REUTERS/Yiorgos Karahalis

Greece's debt crisis isn't just making its citizens mad — it's literally making them sick, according to a report in British medical journal The Lancet. Here's what you should know:

What kind of health problems are on the rise?
All kinds. The number of people reporting general "bad" health has climbed sharply. New HIV infections are expected to rise by 52 percent in 2011. Half of those new infections are expected to be related to a dramatic jump in intravenous drug use. And suicides rose by 25 percent in 2010 over the previous year, according to unofficial statistics.

How is government debt linked to these health problems?
As Greece imposes austerity measures to keep from drowning under its debt, hospital workers have walked out to protest staff cuts. Garbage collectors have been on strike for a week, leaving trash heaps to pile up around Athens. And stress levels are rising for everybody. Plus, the Greek government has slashed spending on hospitals, welfare programs, and just about everything else to avoid defaulting on its debts. Among the cuts: Public hospitals have seen their funding reduced by as much as 40 percent, leaving them short on staff and supplies, even as admissions rose by 24 percent in 2010.

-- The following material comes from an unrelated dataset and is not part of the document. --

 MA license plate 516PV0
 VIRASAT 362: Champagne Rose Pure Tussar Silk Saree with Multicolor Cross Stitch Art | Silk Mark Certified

Are hospitals overwhelmed?
Public hospitals are. The economic crisis has left fewer people able to pay for private care. Private hospital admissions have fallen by as much as 30 percent, and patients are instead flooding into public health-care facilities. There are even reports of "bribes given to medical staff to jump queues in overstretched hospitals," the authors of the study in The Lancet wrote. Many Greeks are resorting to visiting street clinics run by humanitarian groups, such as Doctors without Borders, which used to almost exclusively serve low-income immigrants.